Thanks for sharing the info. why can't bhyve just automatically destroy and restart the vm like others do? That's a  very basic feature. I also found Windows's networking stack running on bhyve is much slower than on hyper-v.


----------



## aragats (Jan 26, 2019)

joggx said:


> why can't bhyve just automatically destroy and restart the vm like others do?

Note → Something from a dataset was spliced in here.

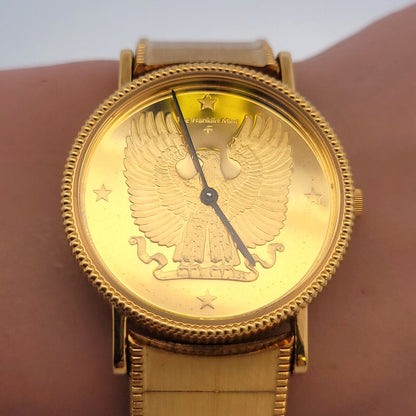 1989 Franklin Mint 925 Sterling Silver Vermeil Box Eagle Watch Parts Only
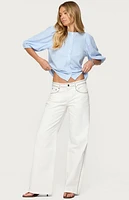 Edikted Pinstripe Linen Look Button Up Shirt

Well, IMO, this approach is better: to get that "common" behavior you can use a simple wrapper script, but in certain situations you may want to check the exit code for other decisions. E.g. VirtualBox may loop infinitely if something is wrong, and you'll not know.


joggx said:


> I also found Windows's networking stack running on bhyve is much slower than on hyper-v


Have you measured the actual speed? I get around 5Gb/s with bhyve(8) for the host<->guest communication.


----------



## joggx (Jan 26, 2019)

Correction: it is the disk I/O. The speed is half of that the freebsd jail running on the same machine (both on zfs).


----------



## SirDice (Feb 6, 2019)

joggx said:


> I installed Windows 2012 r2 vm on bhyve on freebsd 11.1.


Make sure to update some time soon, FreeBSD 11.1 is End-of-Life and not supported any more. Support for 11.1 ended three months after the release of 11.2.


----------